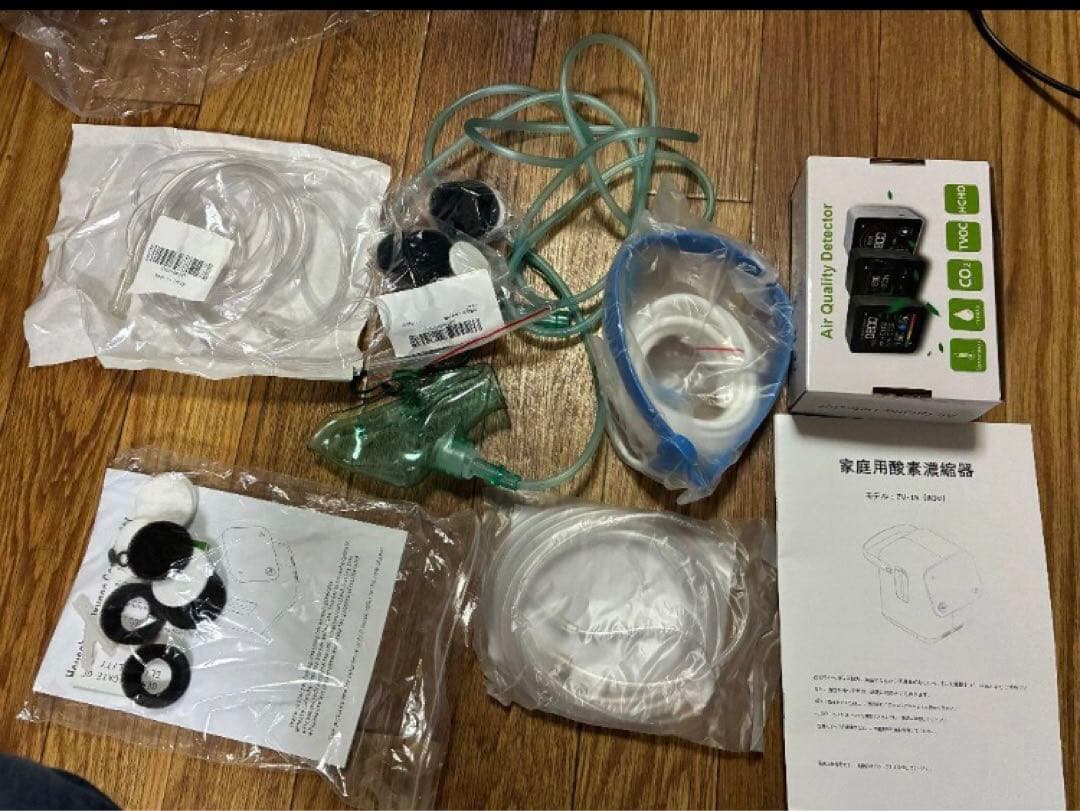 酸素濃縮器　酸素室　酸素吸入器　二酸化炭素計測器　新品に近い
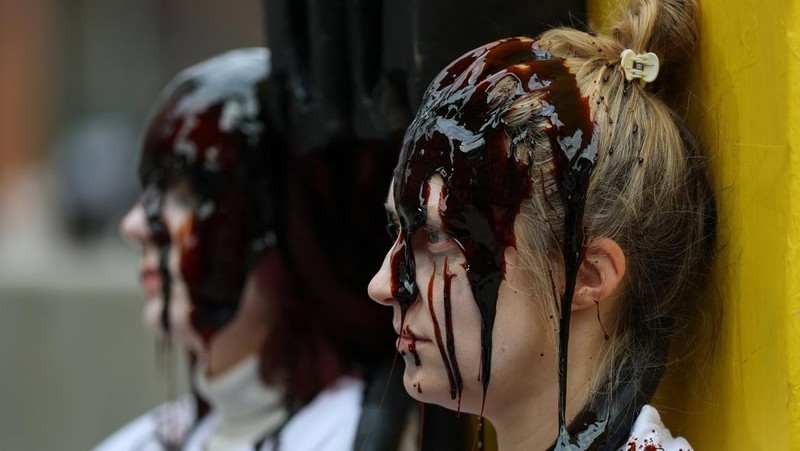 Para demonstran memegang papan tanda selama protes Fossil Free London (London Bebas Bahan Bakar Fosil) terkait ketergantungan pada minyak, di tengah kenaikan harga minyak, seiring berlanjutnya konflik AS-Israel dengan Iran, di luar Kedutaan Besar AS di London, Inggris, 1 April 2026. (REUTERS/Hannah McKay)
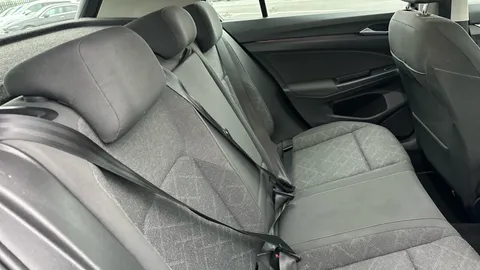 VOLKSWAGEN GOLF 1.5 TSI Life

Task details:
Keep pictures out and return the lines from the one containing "Para demonstran memegang" through the end of the listing, both included, character for character.

Output for this task:
 Para demonstran memegang papan tanda selama protes Fossil Free London (London Bebas Bahan Bakar Fosil) terkait ketergantungan pada minyak, di tengah kenaikan harga minyak, seiring berlanjutnya konflik AS-Israel dengan Iran, di luar Kedutaan Besar AS di London, Inggris, 1 April 2026. (REUTERS/Hannah McKay)
 VOLKSWAGEN GOLF 1.5 TSI Life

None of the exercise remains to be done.